◆ **Input records**:
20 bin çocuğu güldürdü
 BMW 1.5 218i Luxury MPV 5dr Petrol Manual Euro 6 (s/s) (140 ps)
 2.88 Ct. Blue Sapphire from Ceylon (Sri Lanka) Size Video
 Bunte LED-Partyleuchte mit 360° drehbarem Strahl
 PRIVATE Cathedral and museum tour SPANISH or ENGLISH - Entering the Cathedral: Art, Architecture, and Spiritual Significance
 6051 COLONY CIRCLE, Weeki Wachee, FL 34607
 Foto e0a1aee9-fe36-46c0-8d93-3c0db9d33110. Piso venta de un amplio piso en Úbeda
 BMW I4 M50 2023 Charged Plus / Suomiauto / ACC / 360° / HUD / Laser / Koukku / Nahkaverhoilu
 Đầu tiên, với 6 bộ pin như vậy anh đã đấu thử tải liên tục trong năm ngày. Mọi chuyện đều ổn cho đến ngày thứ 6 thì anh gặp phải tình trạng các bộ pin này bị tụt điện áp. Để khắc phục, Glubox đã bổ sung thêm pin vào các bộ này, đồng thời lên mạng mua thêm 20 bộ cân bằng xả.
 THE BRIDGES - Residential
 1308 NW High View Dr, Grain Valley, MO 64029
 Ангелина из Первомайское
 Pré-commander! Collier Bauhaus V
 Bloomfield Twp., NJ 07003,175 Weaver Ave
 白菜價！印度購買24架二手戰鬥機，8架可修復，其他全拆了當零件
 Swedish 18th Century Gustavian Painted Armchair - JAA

◆ **Assigned task**: The task requires an exact transcription of all the data.

◆ **Solution to this problem**:
20 bin çocuğu güldürdü
 BMW 1.5 218i Luxury MPV 5dr Petrol Manual Euro 6 (s/s) (140 ps)
 2.88 Ct. Blue Sapphire from Ceylon (Sri Lanka) Size Video
 Bunte LED-Partyleuchte mit 360° drehbarem Strahl
 PRIVATE Cathedral and museum tour SPANISH or ENGLISH - Entering the Cathedral: Art, Architecture, and Spiritual Significance
 6051 COLONY CIRCLE, Weeki Wachee, FL 34607
 Foto e0a1aee9-fe36-46c0-8d93-3c0db9d33110. Piso venta de un amplio piso en Úbeda
 BMW I4 M50 2023 Charged Plus / Suomiauto / ACC / 360° / HUD / Laser / Koukku / Nahkaverhoilu
 Đầu tiên, với 6 bộ pin như vậy anh đã đấu thử tải liên tục trong năm ngày. Mọi chuyện đều ổn cho đến ngày thứ 6 thì anh gặp phải tình trạng các bộ pin này bị tụt điện áp. Để khắc phục, Glubox đã bổ sung thêm pin vào các bộ này, đồng thời lên mạng mua thêm 20 bộ cân bằng xả.
 THE BRIDGES - Residential
 1308 NW High View Dr, Grain Valley, MO 64029
 Ангелина из Первомайское
 Pré-commander! Collier Bauhaus V
 Bloomfield Twp., NJ 07003,175 Weaver Ave
 白菜價！印度購買24架二手戰鬥機，8架可修復，其他全拆了當零件
 Swedish 18th Century Gustavian Painted Armchair - JAA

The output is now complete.